Exercise —
The lines below must be transcribed exactly as given, with the images removed.

Task material —
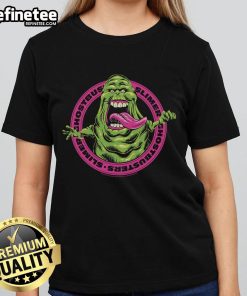 Official Ghostbusters Frozen Empire Slimer Ladies Tee featuring a vibrant Slimer graphic on a stylish women's shirt.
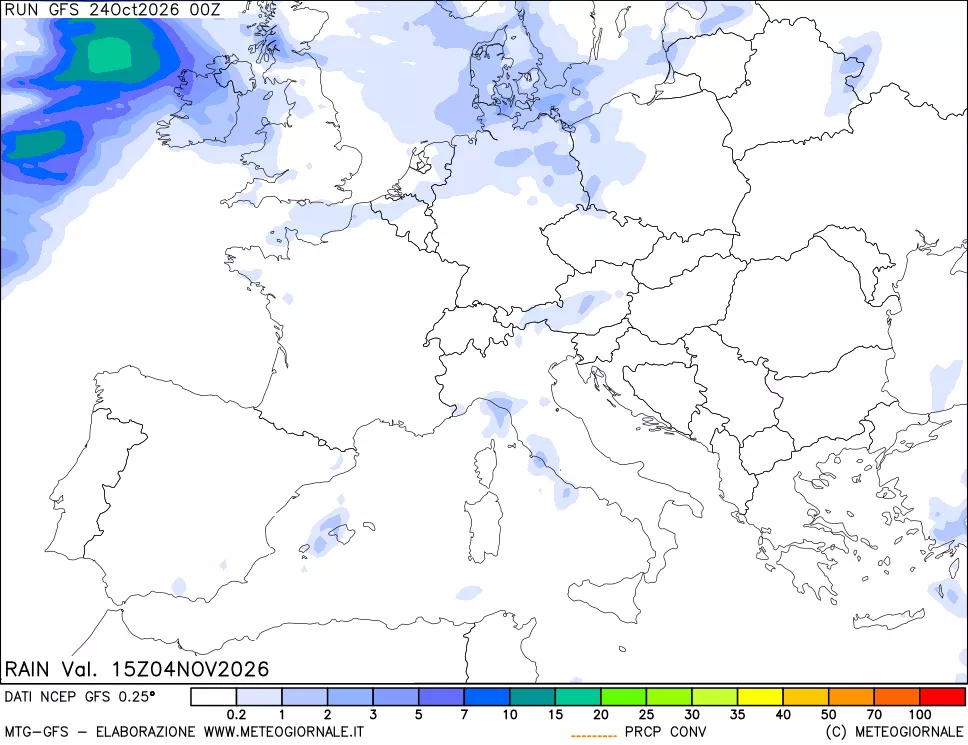 mappa Precipitazioni totali e convettive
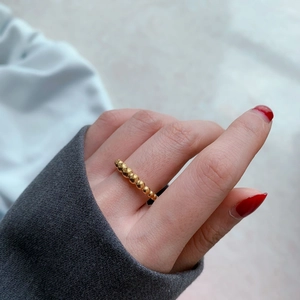 Anello A Fascia Con Perline Minimalista Da Donna Acciaio Al Titanio Metallo Lucido Stile Ins Gioielli Geometrici Eleganti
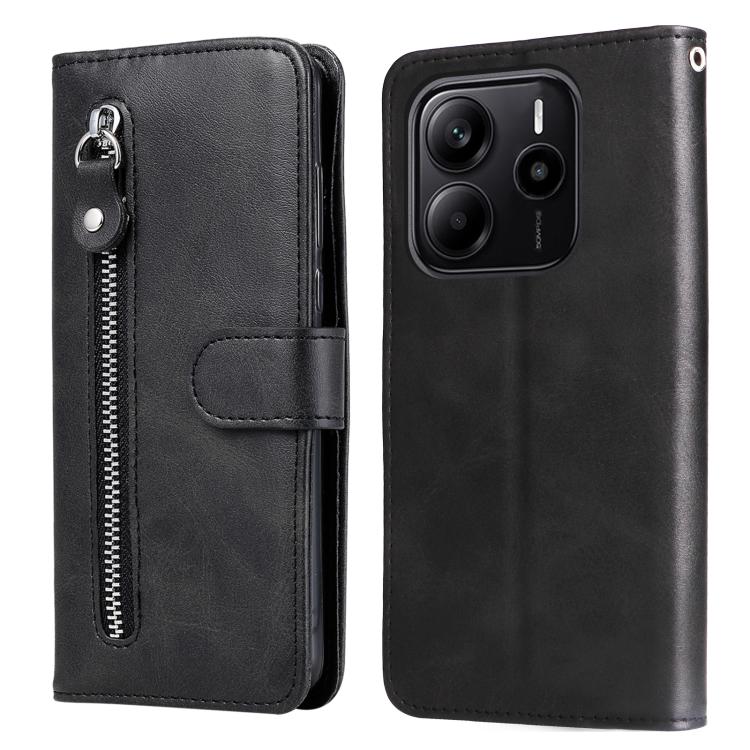 

For Redmi Note 14 4G 164.84mm Fashion Calf Texture Zipper Leather Phone Case(Black)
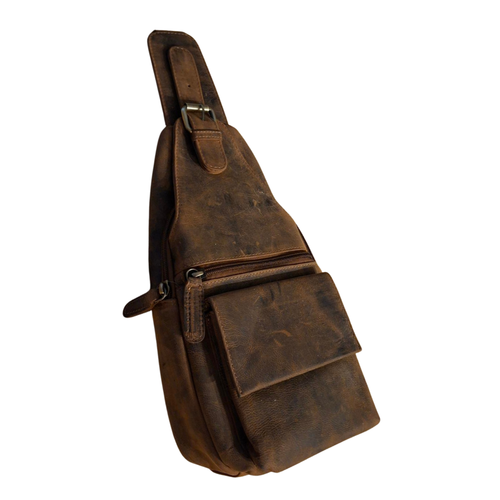 BEMÆRK: Kollektionsprøve. Style Pia. Super cool kombineret bumbag / slingbag i lækkert vintage læder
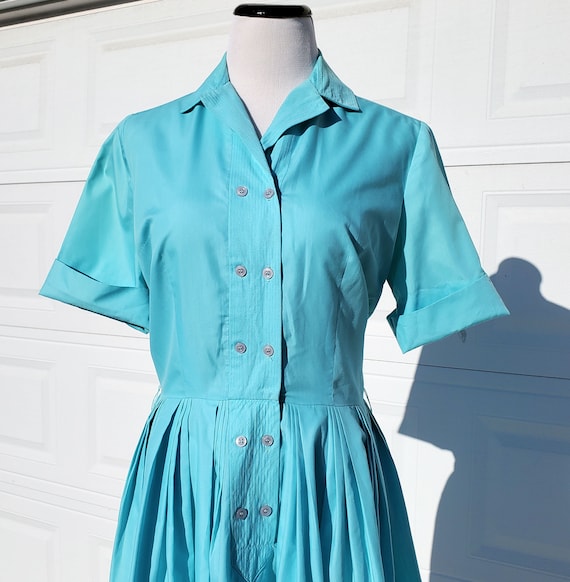 Light Blue Sears Fashions 50's Fit and Flare Shir… - image 3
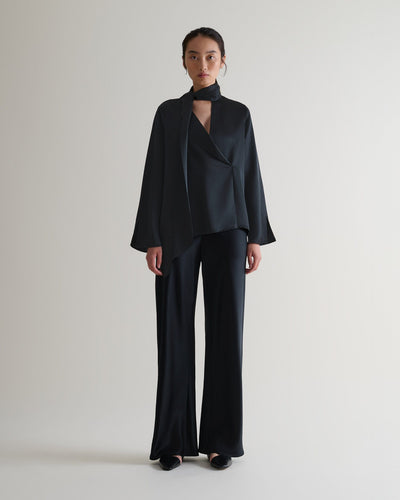 Women's NAIA™ Liquid Satin Scarf Blouse - Black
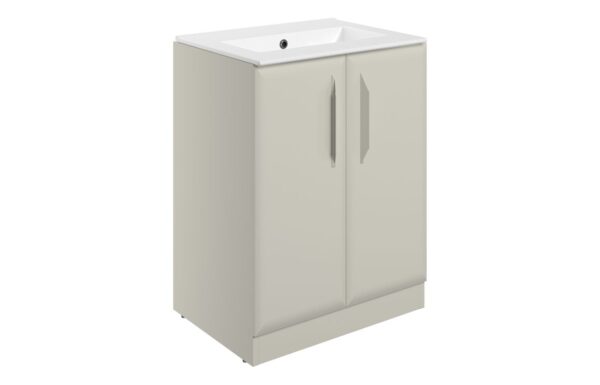 Novello Zenvra 615mm Floor Standing 2 Door Basin Unit W/0TH Basin - Matt Latte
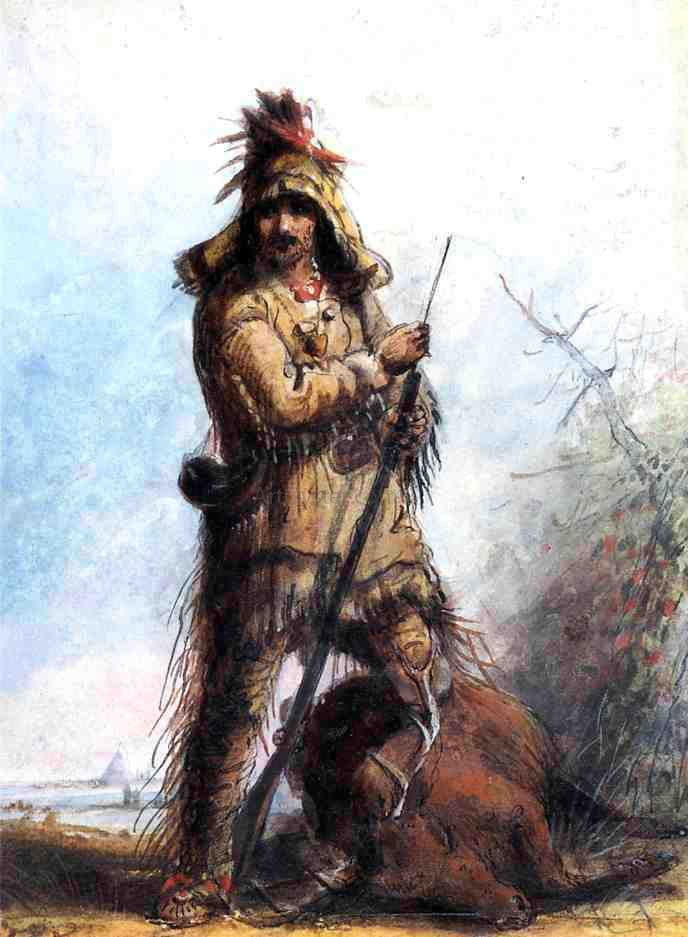 Alfred Jacob Miller Louis - Rocky Mountain Trapper - Hand Painted Oil Painting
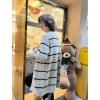 imageZeagoo Womens 2025 Fall Open Front Cardigan Long Batwing Sleeve Chunky Knit Sweater Loose Outerwear Coats with PocketsStripes Apricot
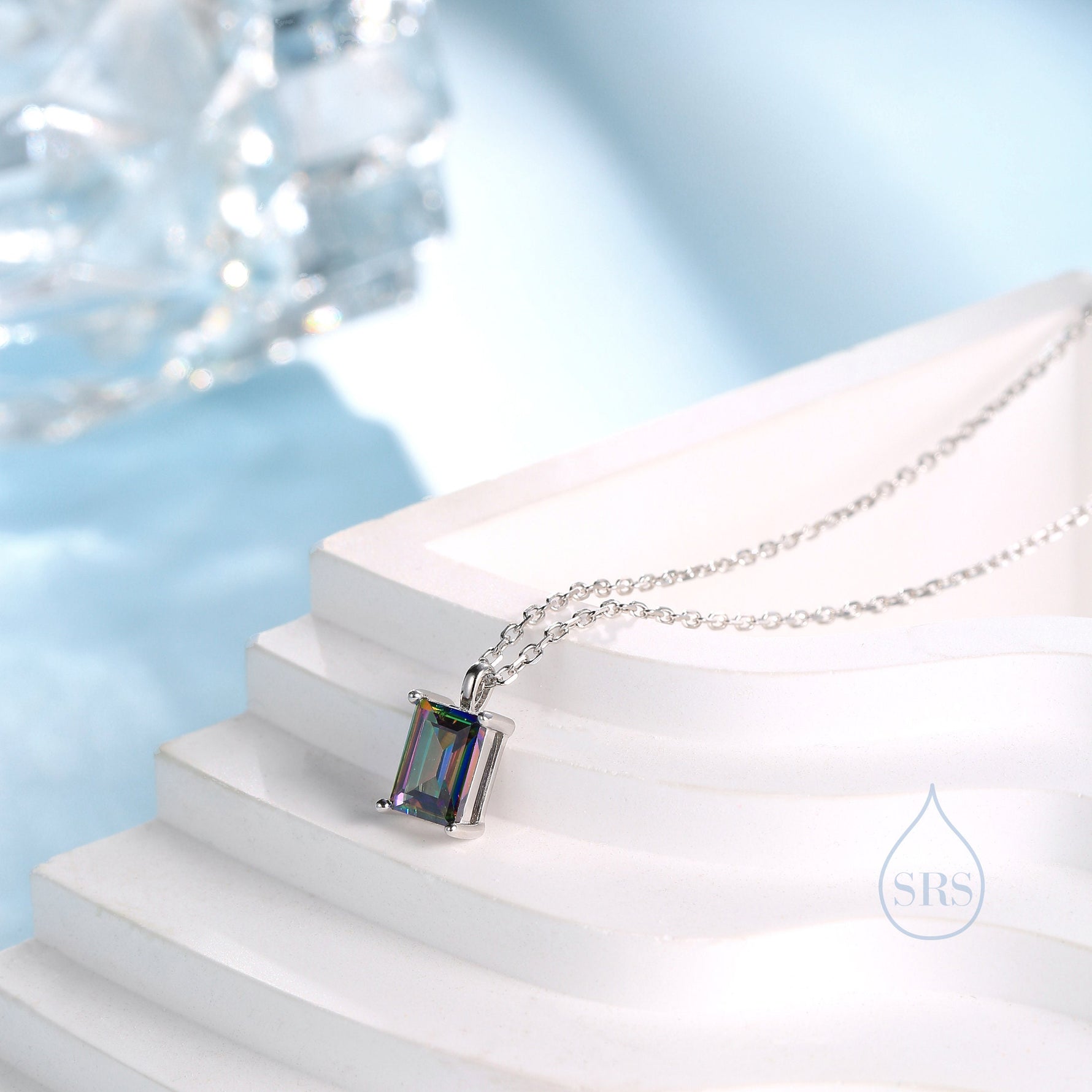 Emerald Cut Mystic Black CZ Pendant Necklace in Sterling Silver, Rectangular Cut Crystal Earrings, Mystic Topaz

Task solution —
 Official Ghostbusters Frozen Empire Slimer Ladies Tee featuring a vibrant Slimer graphic on a stylish women's shirt.
 mappa Precipitazioni totali e convettive
 Anello A Fascia Con Perline Minimalista Da Donna Acciaio Al Titanio Metallo Lucido Stile Ins Gioielli Geometrici Eleganti

For Redmi Note 14 4G 164.84mm Fashion Calf Texture Zipper Leather Phone Case(Black)
 BEMÆRK: Kollektionsprøve. Style Pia. Super cool kombineret bumbag / slingbag i lækkert vintage læder
 Light Blue Sears Fashions 50's Fit and Flare Shir… - image 3
 Women's NAIA™ Liquid Satin Scarf Blouse - Black
 Novello Zenvra 615mm Floor Standing 2 Door Basin Unit W/0TH Basin - Matt Latte
 Alfred Jacob Miller Louis - Rocky Mountain Trapper - Hand Painted Oil Painting
 imageZeagoo Womens 2025 Fall Open Front Cardigan Long Batwing Sleeve Chunky Knit Sweater Loose Outerwear Coats with PocketsStripes Apricot
 Emerald Cut Mystic Black CZ Pendant Necklace in Sterling Silver, Rectangular Cut Crystal Earrings, Mystic Topaz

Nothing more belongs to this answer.